Nice one! Toe clips are so much more practical than cleats - who wants to change shoes all the time. More important ... they just look so damn cool! I need to find me some more pairs, they're getting scarcer and scarcer.


----------



## UrbanPrimitive (Jun 14, 2009)

Le Turbo said:


> they're getting scarcer and scarcer.


Seriously? What about this, this, this, or this for a start? Less popular with roadies I'd buy. Scarce? Not on your life.

Funky looking straps though. Pretty cool. Is that a pad on the crank side of the pedal?


----------



## wchane (Aug 8, 2006)

fatfred - actually, a white set

turbo - the fixie's just a time sink, something i mess with all the time. roadie at heart.
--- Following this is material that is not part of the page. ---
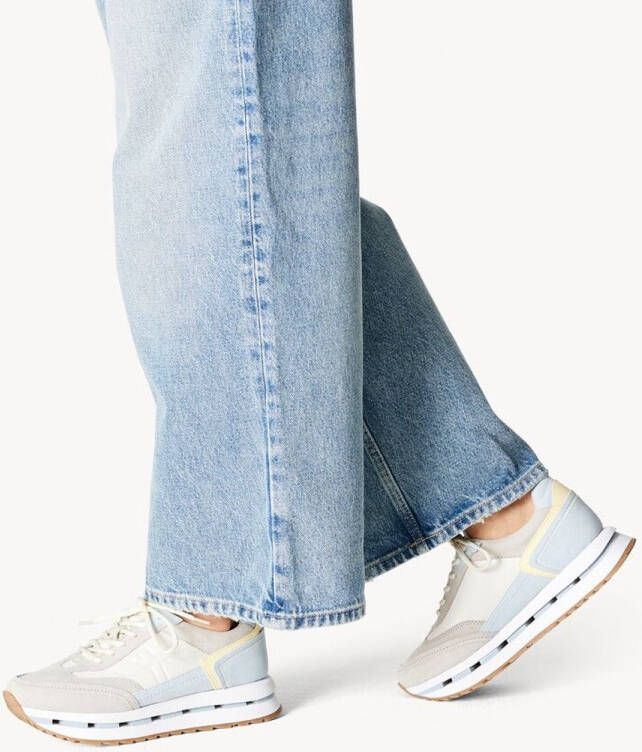 Tamaris Trendy Bruine Sneakers met Grijze en Blauwe Accenten Multicolor Dames - Foto 10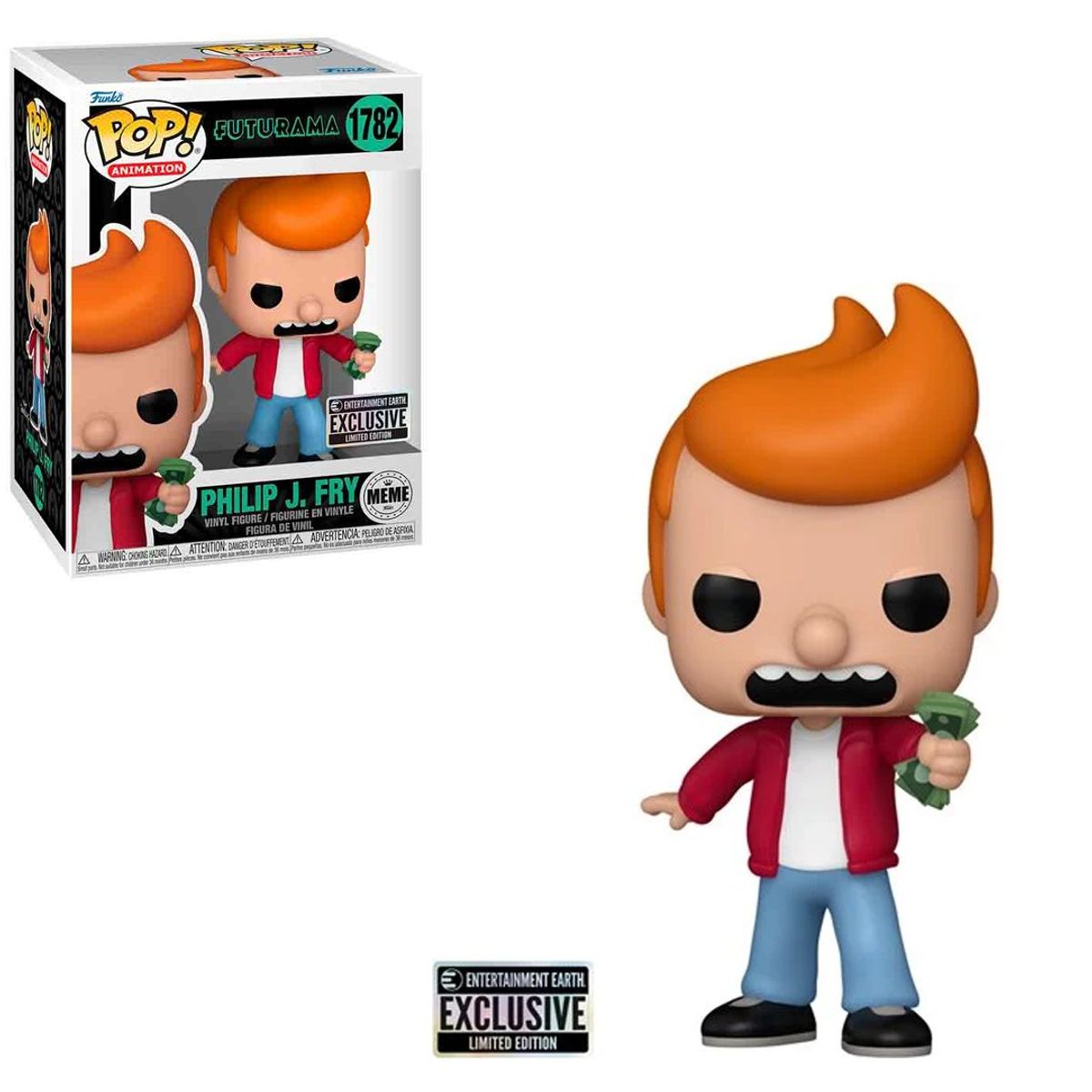 FUNKO - Funko Pop Futurama - Philip J Fry Callate y toma mi dinero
primitive - the market's gotten a whole lot larger thanks to the hipsters. loving it anyways, and yes, those are pads for the crank side.


----------



## Le Turbo (Jun 10, 2010)

UrbanPrimitive! Thanks for those links! I'd googled my arse off previously and couldn't find anything except Brooks. I'll definitely be buying some online - here in South Africa, there's not one cycle shop that sells anything except those nylon MYB versions, and everyone says "I've got a set somewhere at home that you can have," but they never come up with the goods.


----------